I'm going to construct this explicitly, although I'm going to do it in two stages.
First we need a map $\psi$ from $O_P(\Bbb{A}^n)\to O_P(V)$.
Define $\psi(f/g)=\frac{\overline{f}}{\overline{g}}$, where $\overline{f}$ is the image of $f$ under the canonical projection from $R$ to $R/I$ and similarly for $g$. Since $g(P)\ne 0$, and $P\in V$, $g\not \in I$, so $\overline{g}\ne 0$. Thus this is a well defined map, and I will let you check that it is a surjective homomorphism.
Then let $\tau: O_P(V)\to O_P(V)/J'O_P(V)$ be the usual projection. $\tau$ is a surjective homomorphism as well.
Then let $\sigma= \tau \circ \psi : O_P(\Bbb{A}^n) \to O_P(V)/J'O_P(V)$. Since $\tau$ and $\psi$ are surjective homomorphisms, $\sigma$ is as well. We just need to find the kernel of $\sigma$.

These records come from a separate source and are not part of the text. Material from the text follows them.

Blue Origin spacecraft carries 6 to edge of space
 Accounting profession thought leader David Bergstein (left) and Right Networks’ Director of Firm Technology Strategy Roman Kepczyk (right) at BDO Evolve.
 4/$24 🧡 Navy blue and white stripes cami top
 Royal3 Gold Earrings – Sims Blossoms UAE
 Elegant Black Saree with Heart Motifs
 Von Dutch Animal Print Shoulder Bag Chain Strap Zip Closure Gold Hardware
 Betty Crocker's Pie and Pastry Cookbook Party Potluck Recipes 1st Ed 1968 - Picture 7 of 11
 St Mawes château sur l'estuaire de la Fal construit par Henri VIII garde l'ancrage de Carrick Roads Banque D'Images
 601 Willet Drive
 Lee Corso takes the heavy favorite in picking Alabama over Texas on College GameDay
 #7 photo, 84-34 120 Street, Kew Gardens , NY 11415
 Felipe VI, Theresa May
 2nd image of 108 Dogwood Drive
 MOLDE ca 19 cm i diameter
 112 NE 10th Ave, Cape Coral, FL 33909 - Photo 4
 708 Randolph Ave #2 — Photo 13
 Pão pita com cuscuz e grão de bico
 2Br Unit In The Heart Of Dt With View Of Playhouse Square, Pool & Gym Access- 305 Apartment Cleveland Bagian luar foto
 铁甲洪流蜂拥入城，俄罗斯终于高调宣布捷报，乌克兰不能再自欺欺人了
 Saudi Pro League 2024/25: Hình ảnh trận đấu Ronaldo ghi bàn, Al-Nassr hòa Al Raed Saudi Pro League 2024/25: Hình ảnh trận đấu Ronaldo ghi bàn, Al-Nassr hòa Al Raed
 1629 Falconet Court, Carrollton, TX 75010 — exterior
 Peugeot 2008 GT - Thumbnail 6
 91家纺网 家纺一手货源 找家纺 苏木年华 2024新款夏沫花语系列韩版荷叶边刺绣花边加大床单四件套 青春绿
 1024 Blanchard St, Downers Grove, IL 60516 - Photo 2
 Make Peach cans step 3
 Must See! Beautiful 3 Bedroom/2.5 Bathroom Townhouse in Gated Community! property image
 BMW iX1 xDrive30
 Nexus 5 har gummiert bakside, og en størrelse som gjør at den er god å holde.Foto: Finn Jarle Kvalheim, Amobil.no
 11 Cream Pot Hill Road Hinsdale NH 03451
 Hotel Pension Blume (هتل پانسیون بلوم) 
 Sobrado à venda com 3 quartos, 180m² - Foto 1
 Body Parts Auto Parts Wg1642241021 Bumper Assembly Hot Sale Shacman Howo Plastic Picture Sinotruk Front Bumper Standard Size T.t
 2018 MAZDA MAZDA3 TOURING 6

Suppose $f/g$ maps to 0 under $\sigma$. Then $$\frac{\overline{f}}{\overline{g}}\in J'O_P(V).$$ Multiplying by $\overline{g}$ we have $\overline{f}\in J'O_P(V)$. Then $$\overline{f}=\sum_{i=1}^n\frac{\overline{j_i}}{\overline{g_i}}$$ for $\overline{j_i}\in J'$, $\frac{1}{\overline{g_i}}\in O_P(V)$ such that $\overline{g_i}$ is the representative of some $g_i\in R$ with $g_i(P)\ne 0$ (note this is possible by absorbing the numerator into the $\overline{j_i}$). Now multiplying by all the $\overline{g_i}$ we have $$\overline{f}\prod_i \overline{g_i} \in J'$$ since $J'$ is an ideal and the denominators all cancel, so $$f\prod_i g_i=\alpha$$ for some $\alpha$ in $J$ since $I\subset J$. Finally dividing by the product of the $g_i$ since the $g_i$ are invertible in $O_P(\Bbb{A}^n)$ gives that $f\in JO_P(\Bbb{A}^n)$. Then $f/g \in JO_P(\Bbb{A}^n)$, so $\ker \sigma \subset JO_P(\Bbb{A}^n)$.
We are almost done. To show $JO_P(\Bbb{A}^n)\subset \ker \sigma$, we note that if $a=\sum_{i} j_ia_i$ for $j_i\in J$, $a_i\in O_P(\Bbb{A}^n)$, $\sigma(a)=0$ since $\psi(j_i)\in J'$, so $\sigma(j_i)=0$.
Therefore $\ker\sigma=JO_P(\Bbb{A}^n)$, so the desired natural isomorphism exists by the first isomorphism theorem.